Start of Block

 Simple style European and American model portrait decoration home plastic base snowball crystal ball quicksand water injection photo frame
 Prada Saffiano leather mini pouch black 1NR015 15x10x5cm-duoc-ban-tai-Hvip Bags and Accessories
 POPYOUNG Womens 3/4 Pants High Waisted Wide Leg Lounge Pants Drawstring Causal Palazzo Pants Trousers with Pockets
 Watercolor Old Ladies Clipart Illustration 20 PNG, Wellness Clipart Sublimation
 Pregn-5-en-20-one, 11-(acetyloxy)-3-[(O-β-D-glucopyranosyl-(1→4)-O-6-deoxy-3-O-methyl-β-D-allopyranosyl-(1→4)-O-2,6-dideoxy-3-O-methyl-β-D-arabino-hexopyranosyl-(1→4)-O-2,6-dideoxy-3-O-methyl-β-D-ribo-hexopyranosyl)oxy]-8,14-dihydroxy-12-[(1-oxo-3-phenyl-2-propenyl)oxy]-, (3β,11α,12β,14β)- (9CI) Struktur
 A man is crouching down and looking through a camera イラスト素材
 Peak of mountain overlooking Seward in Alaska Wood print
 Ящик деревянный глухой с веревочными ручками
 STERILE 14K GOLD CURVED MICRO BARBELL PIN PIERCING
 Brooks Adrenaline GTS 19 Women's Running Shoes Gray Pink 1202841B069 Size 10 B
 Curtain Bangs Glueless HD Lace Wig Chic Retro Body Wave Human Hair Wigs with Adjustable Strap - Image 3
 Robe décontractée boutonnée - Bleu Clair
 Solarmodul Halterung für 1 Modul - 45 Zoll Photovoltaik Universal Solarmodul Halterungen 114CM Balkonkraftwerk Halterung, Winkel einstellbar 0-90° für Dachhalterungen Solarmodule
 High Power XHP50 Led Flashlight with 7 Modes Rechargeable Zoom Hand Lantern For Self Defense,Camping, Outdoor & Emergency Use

End of Block

The entries shown above must be reproduced in full, exactly as written.

■ OUTPUT FOR THIS TASK ■
 Simple style European and American model portrait decoration home plastic base snowball crystal ball quicksand water injection photo frame
 Prada Saffiano leather mini pouch black 1NR015 15x10x5cm-duoc-ban-tai-Hvip Bags and Accessories
 POPYOUNG Womens 3/4 Pants High Waisted Wide Leg Lounge Pants Drawstring Causal Palazzo Pants Trousers with Pockets
 Watercolor Old Ladies Clipart Illustration 20 PNG, Wellness Clipart Sublimation
 Pregn-5-en-20-one, 11-(acetyloxy)-3-[(O-β-D-glucopyranosyl-(1→4)-O-6-deoxy-3-O-methyl-β-D-allopyranosyl-(1→4)-O-2,6-dideoxy-3-O-methyl-β-D-arabino-hexopyranosyl-(1→4)-O-2,6-dideoxy-3-O-methyl-β-D-ribo-hexopyranosyl)oxy]-8,14-dihydroxy-12-[(1-oxo-3-phenyl-2-propenyl)oxy]-, (3β,11α,12β,14β)- (9CI) Struktur
 A man is crouching down and looking through a camera イラスト素材
 Peak of mountain overlooking Seward in Alaska Wood print
 Ящик деревянный глухой с веревочными ручками
 STERILE 14K GOLD CURVED MICRO BARBELL PIN PIERCING
 Brooks Adrenaline GTS 19 Women's Running Shoes Gray Pink 1202841B069 Size 10 B
 Curtain Bangs Glueless HD Lace Wig Chic Retro Body Wave Human Hair Wigs with Adjustable Strap - Image 3
 Robe décontractée boutonnée - Bleu Clair
 Solarmodul Halterung für 1 Modul - 45 Zoll Photovoltaik Universal Solarmodul Halterungen 114CM Balkonkraftwerk Halterung, Winkel einstellbar 0-90° für Dachhalterungen Solarmodule
 High Power XHP50 Led Flashlight with 7 Modes Rechargeable Zoom Hand Lantern For Self Defense,Camping, Outdoor & Emergency Use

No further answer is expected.